In light of yesterday’s post, I’d like to dive a little deeper into this idea of living a life of intention. First, what exactly is the difference between an intentional life and an unintentional one? In Buddhist lingo, an unintentional existence can be considered living karmically. This means that you are subject to your habits, your past conditioning, the circumstances in which you exist. There may be a vague sense of seeking happiness or pleasure, but you’ve not deeply examined this ‘sense’. 

Intentional living can take on various meanings too. There can be an intention to become as rich and powerful as possible, or there can be an intention to free all beings from suffering (the heart of the Bodhisattva Vows introduced yesterday). Each direction can be add clarity to one’s life, yet I’ll argue that deeply questioning or witnessing one’s experience in this world makes it very difficult to pursue the former.

Buddhism has taken many forms throughout history – today its often considered a philosophy, a religion, a soteriological method, or even a trendy fashion. Some consider it all or none of these. The precepts referred to yesterday stem from a long tradition of providing a framework of living intentionally. For many of us accustomed to the “Ten commandments” from our upbringing, the Buddhist precepts can feel like a list of Do’s and Don’ts. This is not really their intention, instead they are supposed to shed light on our actions. What is the state of mind that exists when a precept is broken?

A Buddhist does not ask what is right or wrong, but "What am I to do at this moment?" Therefore, even killing cannot be considered right or wrong, removed from the context of the moment.

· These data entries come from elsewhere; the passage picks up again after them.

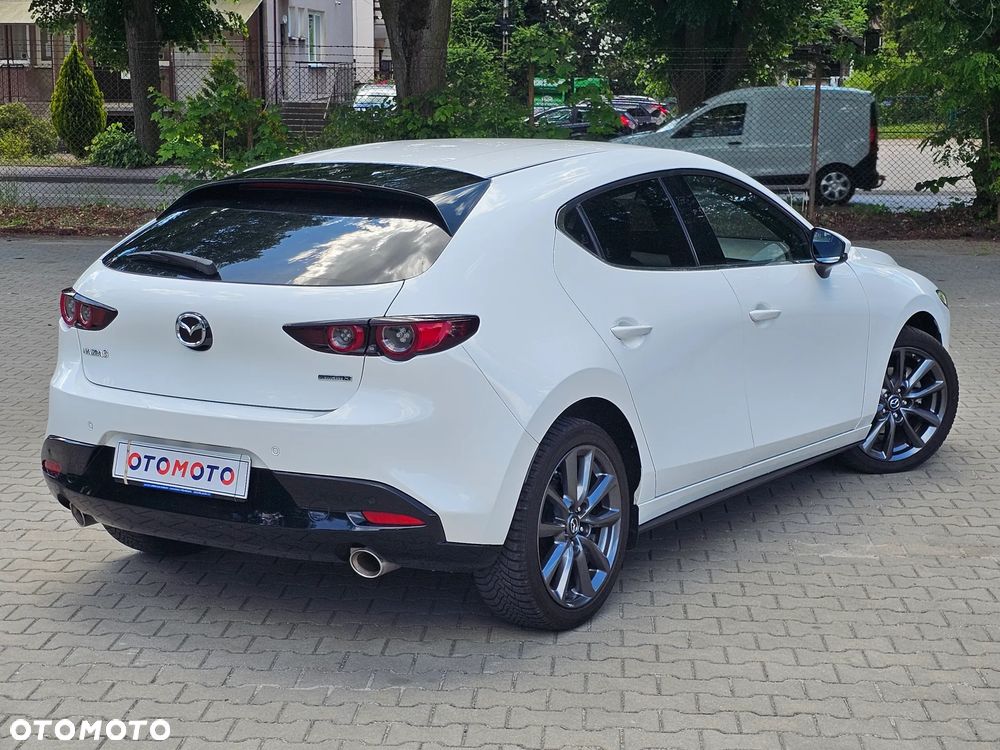 Mazda 3 2.0 mHEV Kanjo - 6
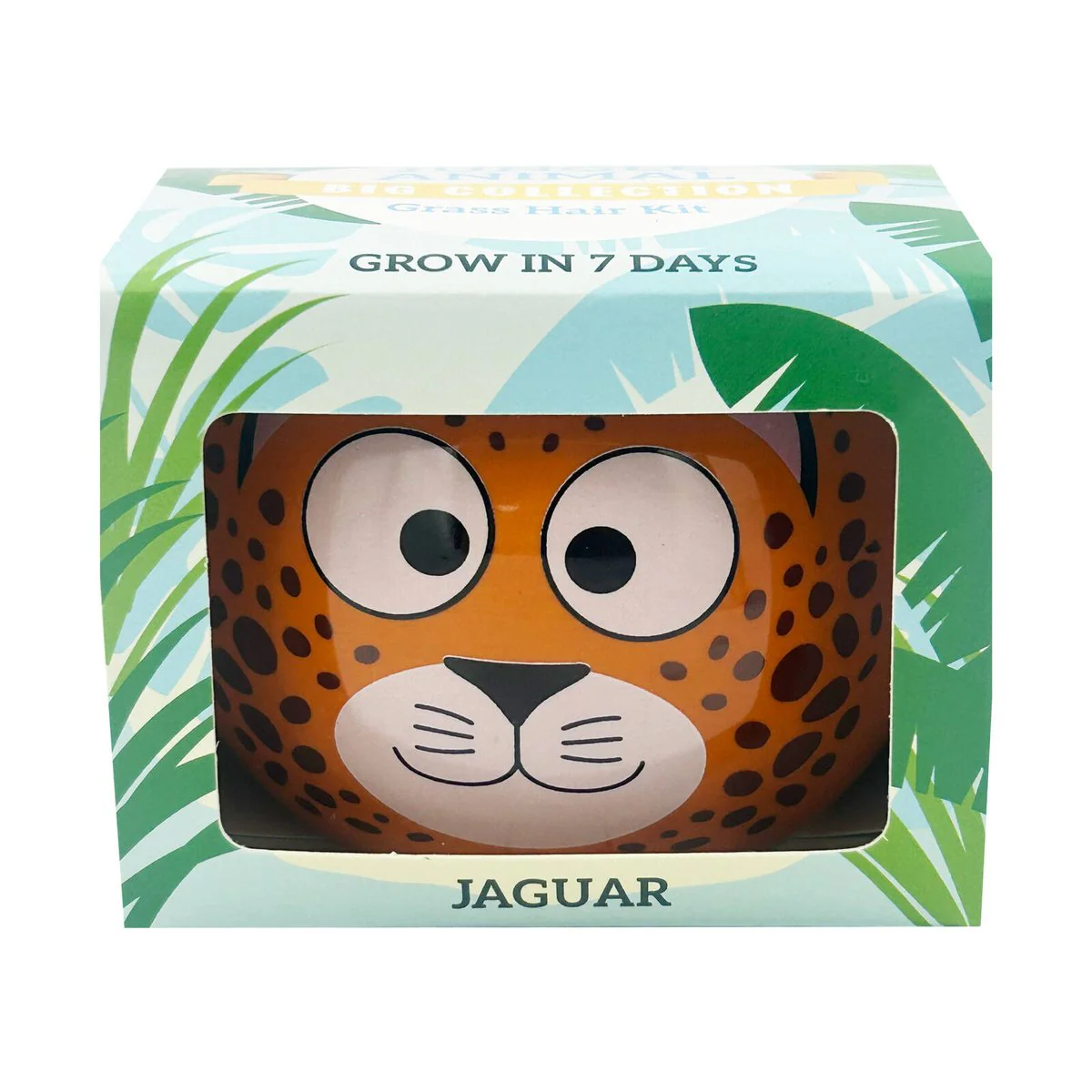 Mr Fothergill S Large Jaguar Grass Hair Kit - 1 L - Green - Realistic Grass Effects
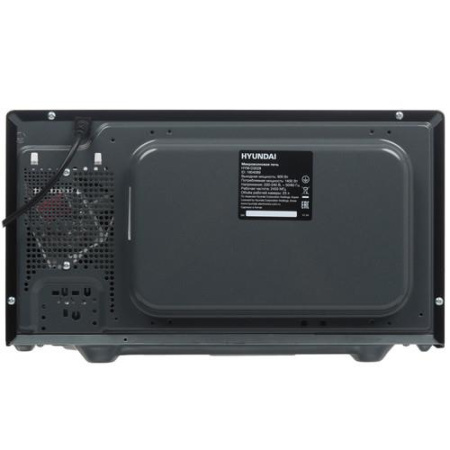 Микроволновая печь Hyundai HYM-D3028 черный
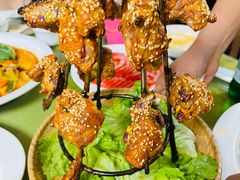-新疆红柳花餐厅(新洲店)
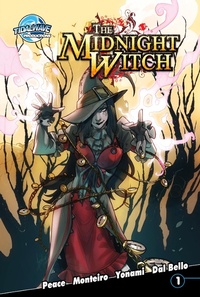 Enlarge image Cover: Midnight Witch #1 - TidalWave Productions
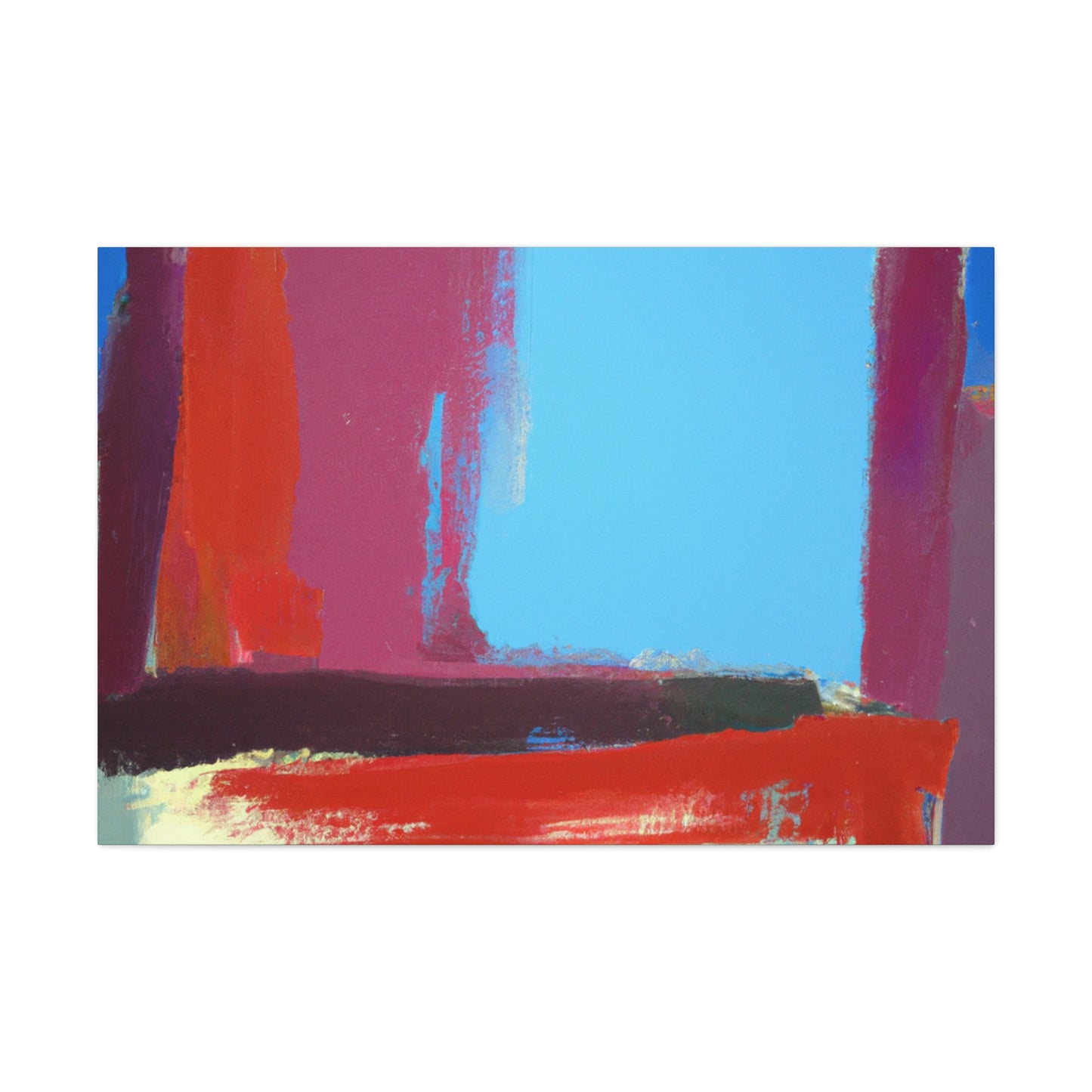 Rembrandt van Rijn - canvas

There is a legend of the Buddha in a previous lifetime killing someone who was about to commit a mass-murder. If he was stuck in the idea of “Thou shalt not kill”, or any other idea, he is not free to act appropriately in a given situation. The precepts are more a guideline for figuring out how to live, rather than telling us exactly how to live.

Personally, I decided that before I would consider receiving the precepts formally with my teacher, I would hold them in my daily life, to see how they resonated with and for me. Over time, while I found the list and framework helpful, they still felt rather removed from me and abstract. After several conversations with my teachers, and continued examination of my own practice, what I found most effective in living an intentional life was through developing my own vows in the context of the greater Bodhisattva vows. These vows, which I recite daily, are constantly evolving: sometimes I add a new one or remove one, sometimes I change the wording to evoke a stronger resonance within my day. When living at the monastery I would silently recite these vows during our morning prostrations, which seemed to have the effect of shifting these vows from abstract ideas to an embodiment that I could carry with me in my day. This will continue to be a dynamic process as my life evolves and my practice deepens.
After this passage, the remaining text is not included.